# AMB loops



## jack (Sep 25, 2006)

Hi all, Does anyone know what is in the two small black boxes that are attached to an AMB loop? The reason I ask is because I need to make a second loop and I want to know if they are for anything special or if they just separate the loop ends.

Thanks
Jack


----------



## NCFRC (Aug 4, 2005)

I believe there's two small resistors to help balance the loop , we've had to replace ours and I know we went to R shack and got them .

You'll have to contact AMB or I'd just snap the box open and measure the existing ones.

We've run a small 1/18th scale loop with just wire and it worked fine.

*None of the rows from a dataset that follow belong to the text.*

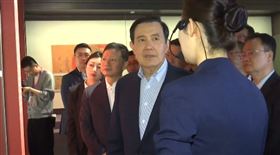 馬英九參訪西安國家版本館。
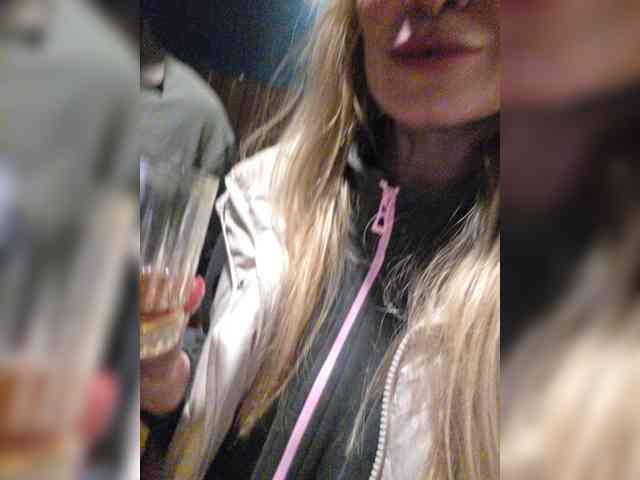 -Love-blondi webcam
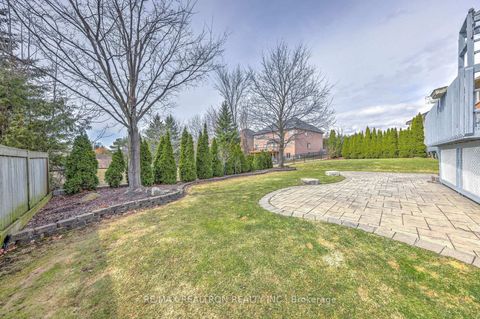 Photo 37 at 6 White Oak Crescent, Langstaff, Richmond Hill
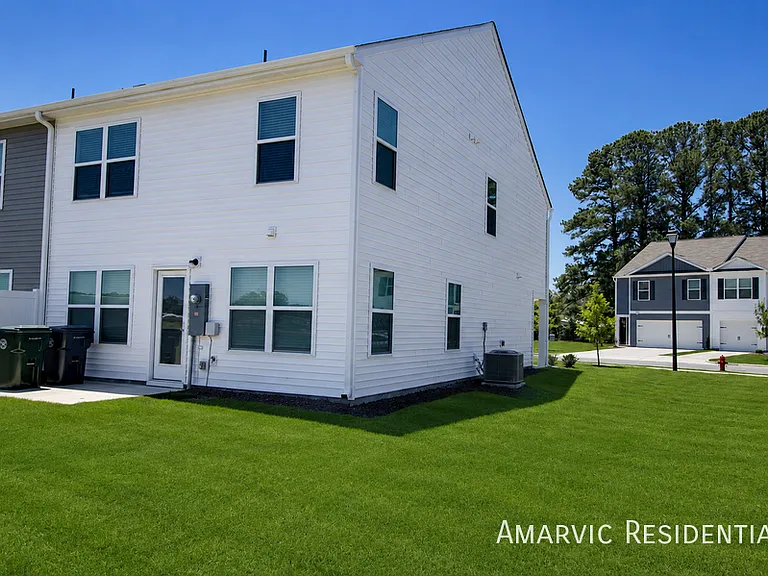 175 Seymour Village Dr — Photo 25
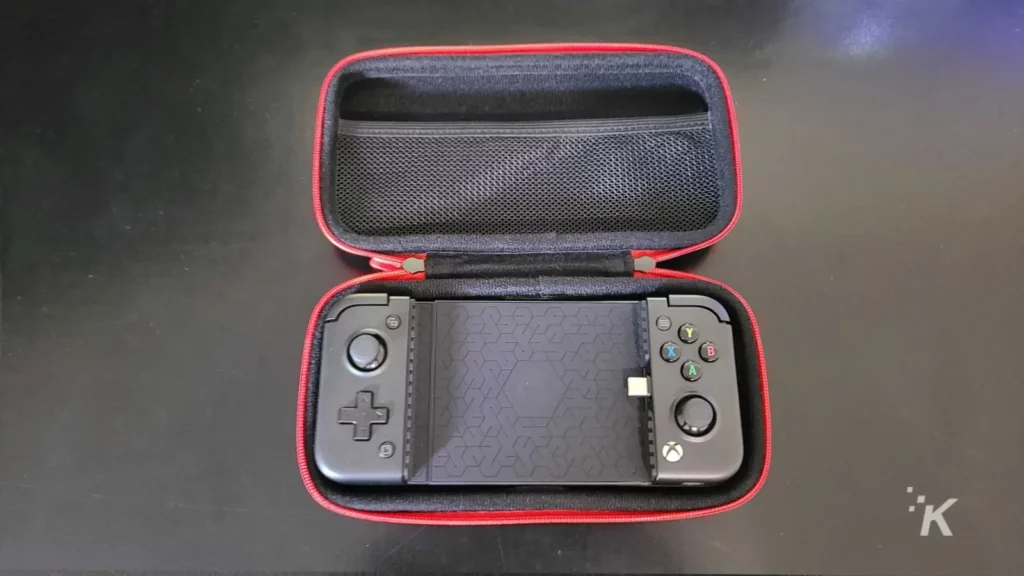 Kontroler mobilny gamesir x2 pro w przypadku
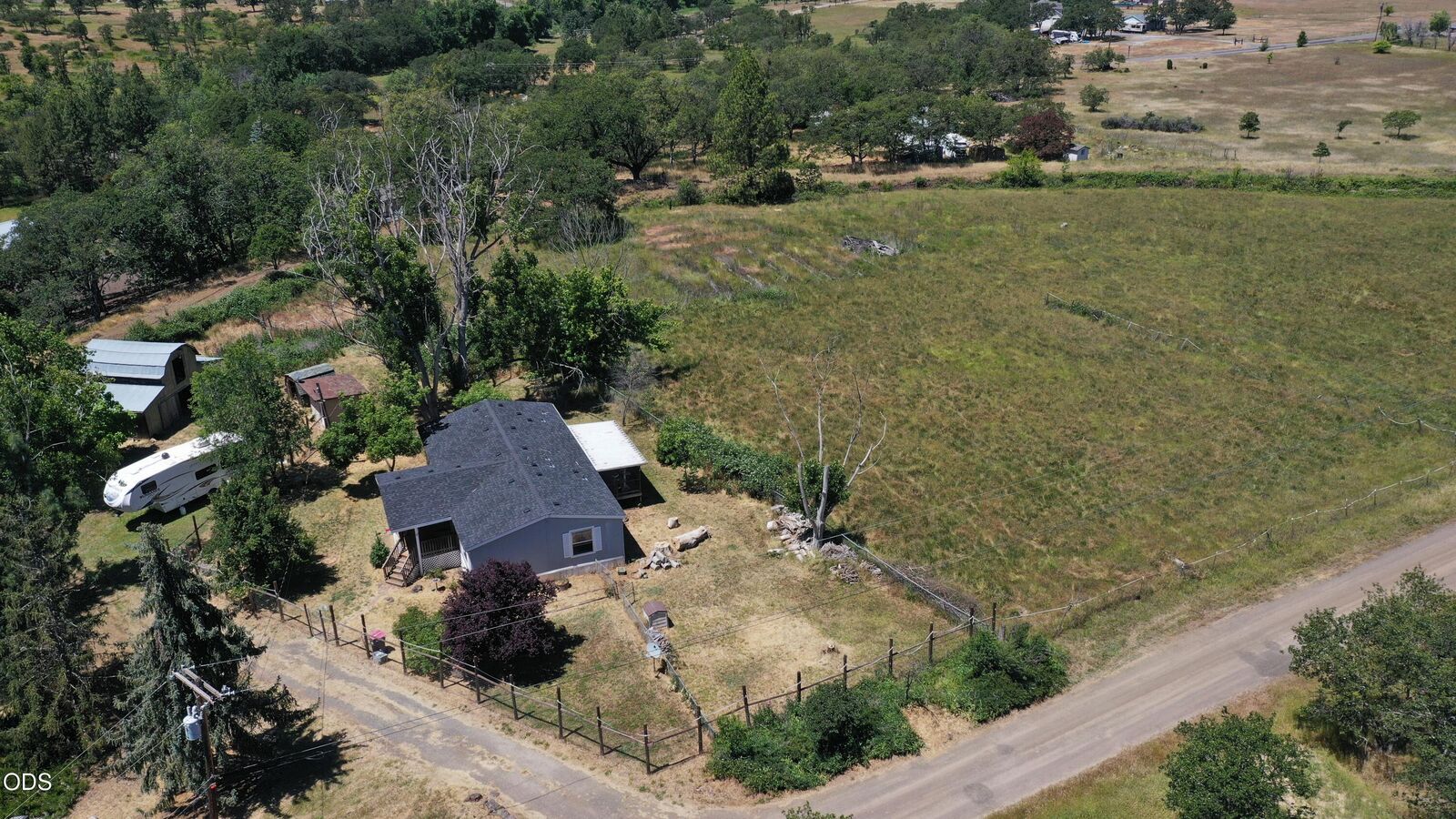 Property Photo: 1245 Davanna Drive OR 97524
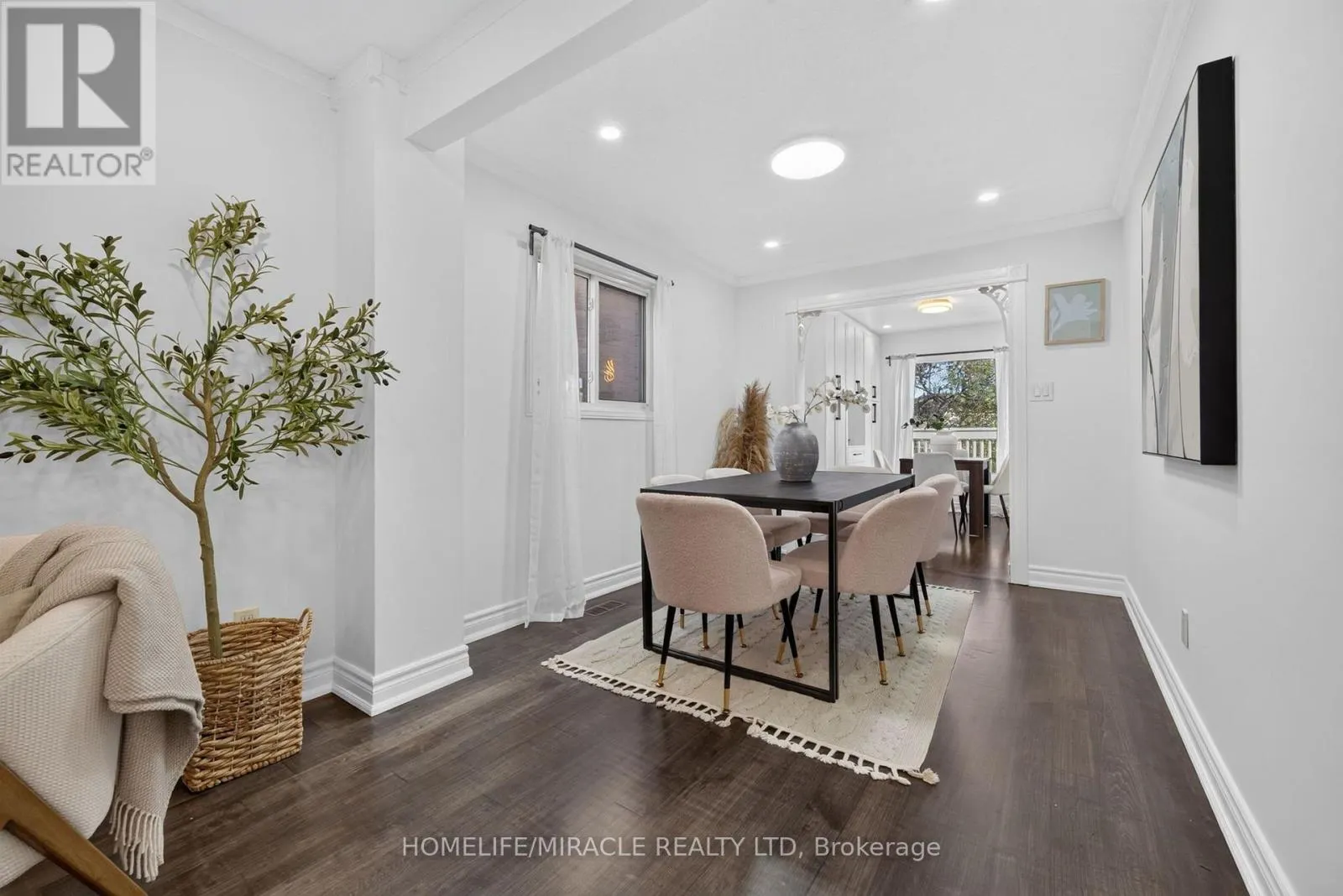 3 TRAWLEY CRESCENT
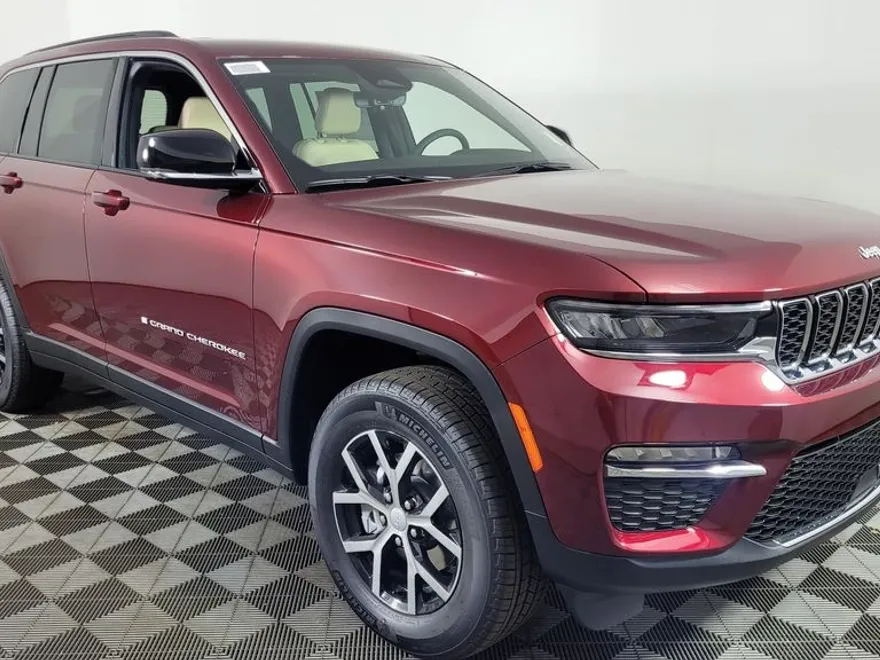 2025 Jeep Grand Cherokee Limited photo 1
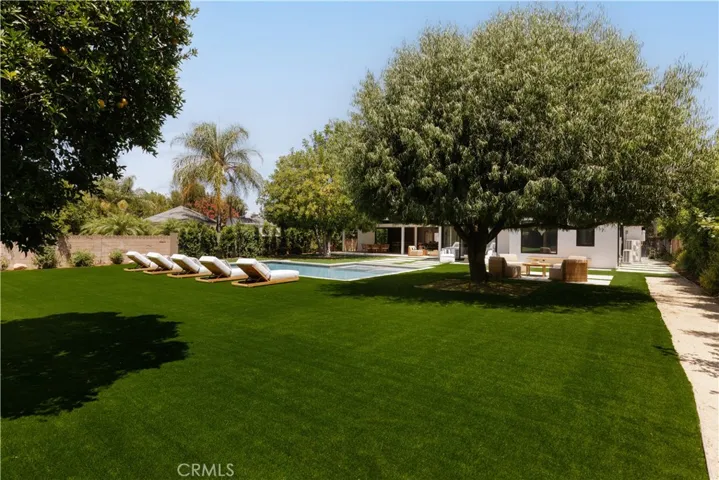 5313 Crebs Avenue, Tarzana, California 91356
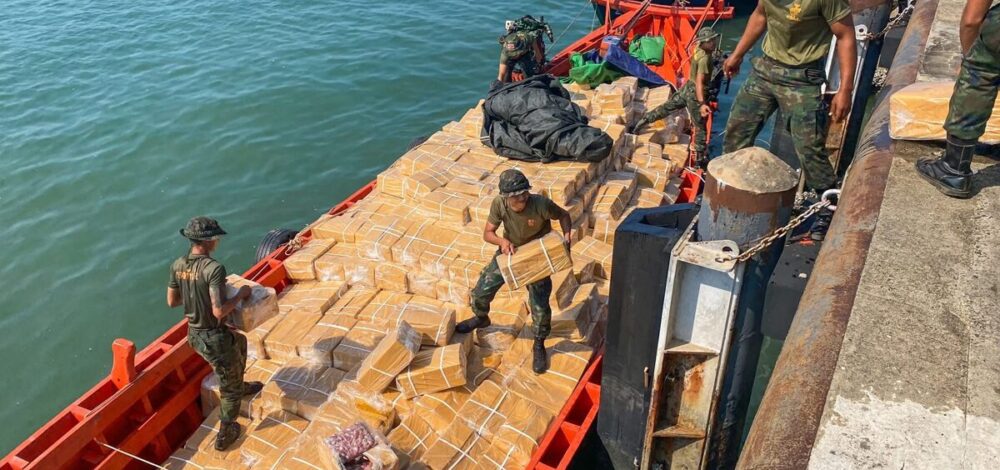 จับกลางทะเล เรือกัมพูชา 5 ลำ ลักลอบขนสินค้าจากไทย 6 ลูกเรือโดดน้ำหนี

1/10th scale , make sure your loop is 12-18 inches apart.


----------



## jack (Sep 25, 2006)

*I Tried*

I tried to open the black boxes on the loop however they are filled with some type of glue or something. Do you remember what size the resisters are?


Thanks
Jack


----------



## NCFRC (Aug 4, 2005)

Sorry I don't but maybe AMB would tell you vs. buying another loop.


----------



## OvalmanPA (Mar 21, 2000)

Personally I wouldn't worry about it. Get some 18ga speaker wire and separate the halves and you're set to go. We've been doing this for a few years now without any problems. No real need for the resistor from what I've seen.


----------



## swtour (Oct 8, 2001)

Jack,

I run a travelling series and have to use temporary loops. I use the thinnest speaker wire I can find so it doesn't create a huge bump on the track (I duct tape it down.)

On the end of the Yellow CoAx cable I put alligator clips, and I just bare the end of the speaker wire and clip the alligator clips to it. NEVER had a Loop problem (Did the same thing with the old AMB20 system)

I don't seperate the wire, I use both strands, this actually gives a little bit of a safety net if the loop wire gets cut.

I buy a new roll for each race (It's just a $5.00 expense I add to the expense of racing list)

The longest loop I use is on our Bicycle velodrome which the track is about 30 ft wide, so the loop wire would be about 63 ft. long total.


----------



## Tres (May 10, 1999)

Jack was that you on Inside RC?


----------



## swtour (Oct 8, 2001)

Tres,

That was ME on "Inside R/C" on the Velodrome show.... The FAT Guy with the LOUD Mouth in the announcer tower.


----------